Task instructions: All of the data goes into your copy exactly as written. Images do not.

Data excerpts:
——————
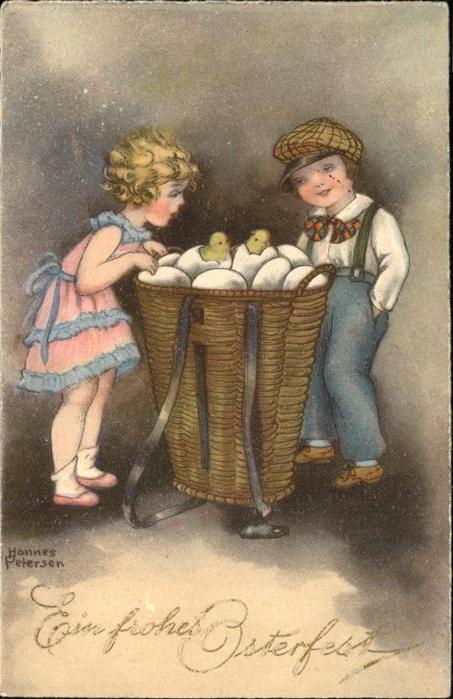 Petersen Hannes Ostern Kinder Eier Küken Korb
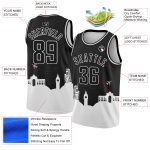 Personalized Black White Holiday Travel Basketball Jersey City Edition Monuments Silhouette Personalized Black White Holiday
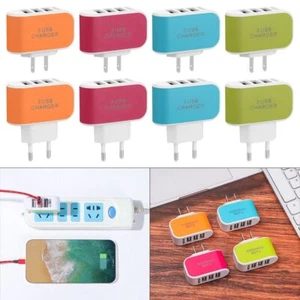 Phone European Plug Charger 3 USB Ports Multi Power Adapter Travel Charger - Photo 1 sur 14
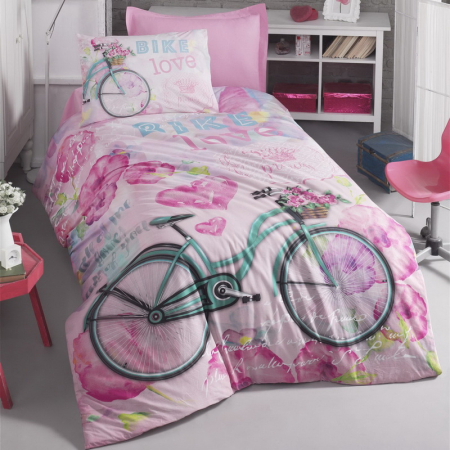 Lenjerii de pat Copii - Lenjerie de pat ranforce, o persoana, bumbac 100%, Cotton Box, Bike - Pink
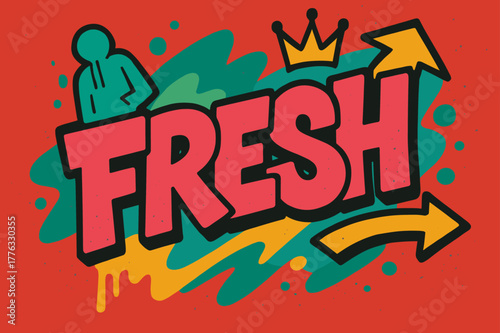 Graffiti Urban Energy. . Urban Oversize ? Graffiti Simplified: thick bubble/block letters on a forward tilt, crisp drips and flat spray fills; arrows, crowns,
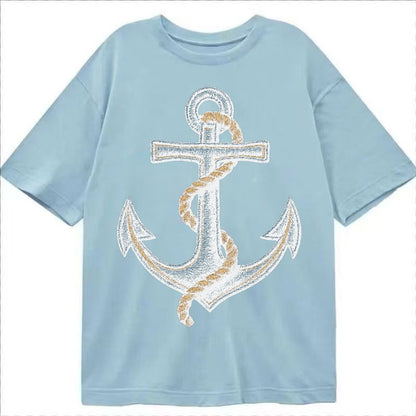 Anchor And Rope Nautical Illustration Classic T-shirt – Light Blue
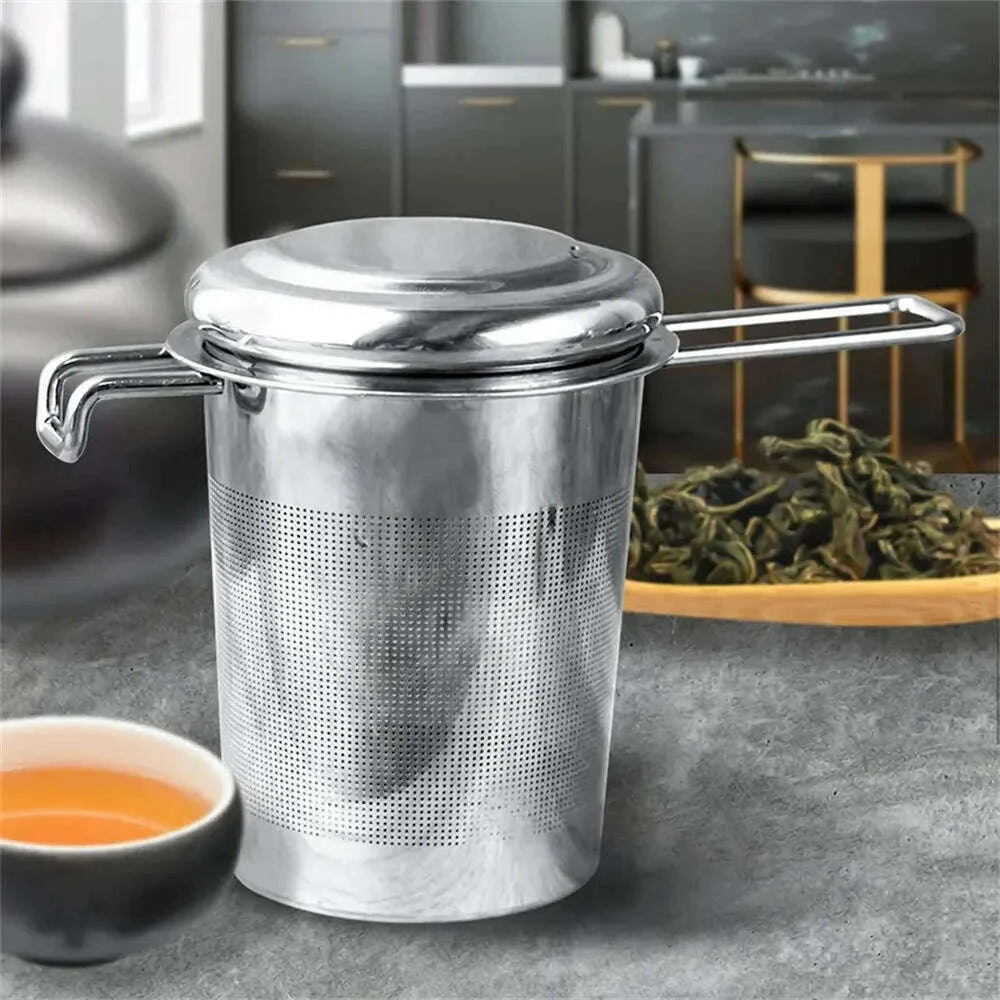 1pc-premium-stainless-steel-tea-filter-extended-folding-handle-loose-tea-drainer-with-lidanti-scald-multi-purpose-tea-strainerkimlud-womens-fashion-34620194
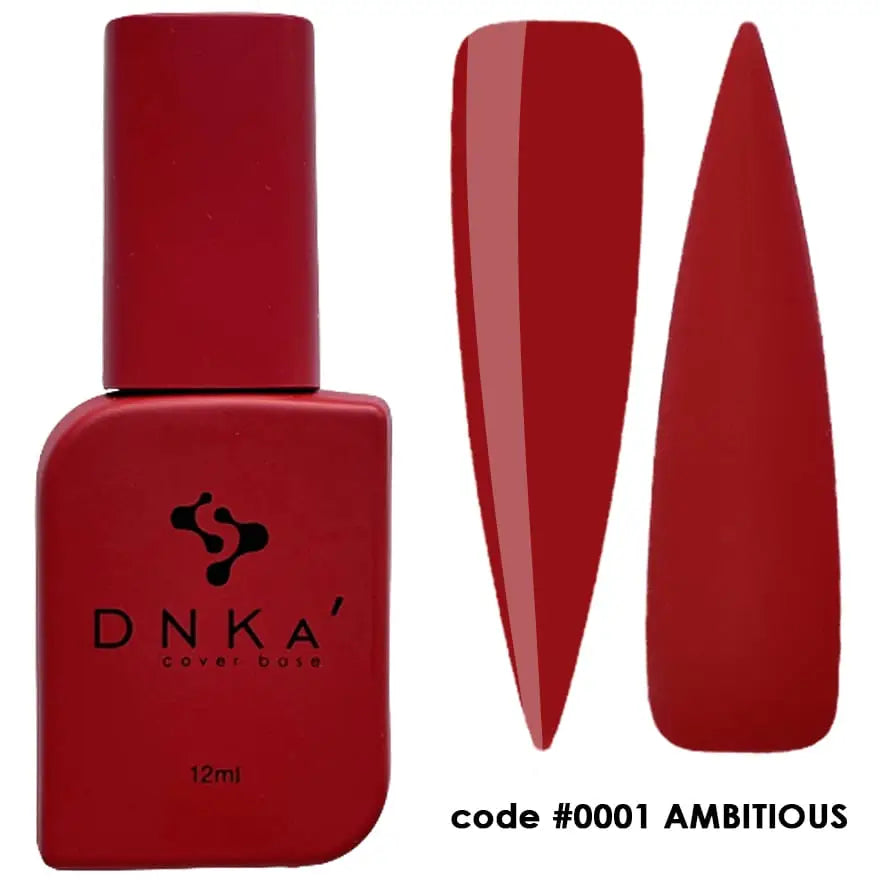 A bottle of DNKa' Cover Base in a fiery red color, glossy finish. The code #0001 Ambitious is visible on the bottle.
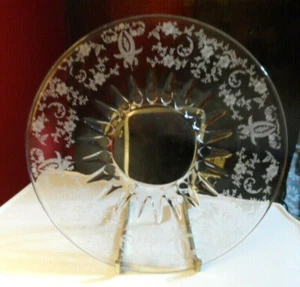 1940s New Martinsville Prelude Clear Etched Glass 7 1/2" Plate Mayonnaise Liner - Picture 1 of 2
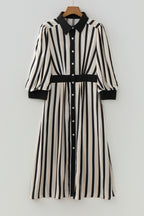 Black Stripe 3/4 Puff Sleeve Shirt Style Button Down Midi Dress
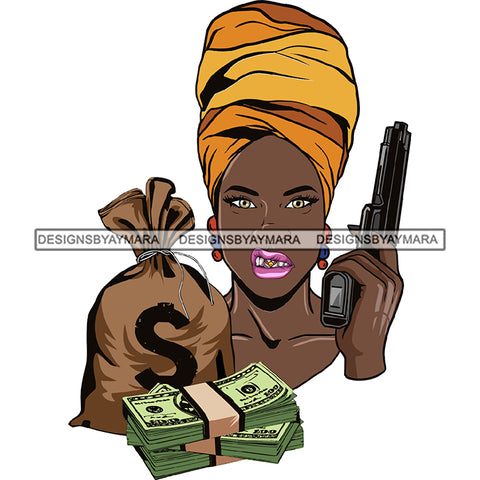 Afro Badass Goddess Gun Money Gangster Woman .SVG Cutting Files For Silhouette and Cricut and More!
——————
Task result:
 Petersen Hannes Ostern Kinder Eier Küken Korb
 Personalized Black White Holiday Travel Basketball Jersey City Edition Monuments Silhouette Personalized Black White Holiday
 Phone European Plug Charger 3 USB Ports Multi Power Adapter Travel Charger - Photo 1 sur 14
 Lenjerii de pat Copii - Lenjerie de pat ranforce, o persoana, bumbac 100%, Cotton Box, Bike - Pink
 Graffiti Urban Energy. . Urban Oversize ? Graffiti Simplified: thick bubble/block letters on a forward tilt, crisp drips and flat spray fills; arrows, crowns,
 Anchor And Rope Nautical Illustration Classic T-shirt – Light Blue
 1pc-premium-stainless-steel-tea-filter-extended-folding-handle-loose-tea-drainer-with-lidanti-scald-multi-purpose-tea-strainerkimlud-womens-fashion-34620194
 A bottle of DNKa' Cover Base in a fiery red color, glossy finish. The code #0001 Ambitious is visible on the bottle.
 1940s New Martinsville Prelude Clear Etched Glass 7 1/2" Plate Mayonnaise Liner - Picture 1 of 2
 Black Stripe 3/4 Puff Sleeve Shirt Style Button Down Midi Dress
 Afro Badass Goddess Gun Money Gangster Woman .SVG Cutting Files For Silhouette and Cricut and More!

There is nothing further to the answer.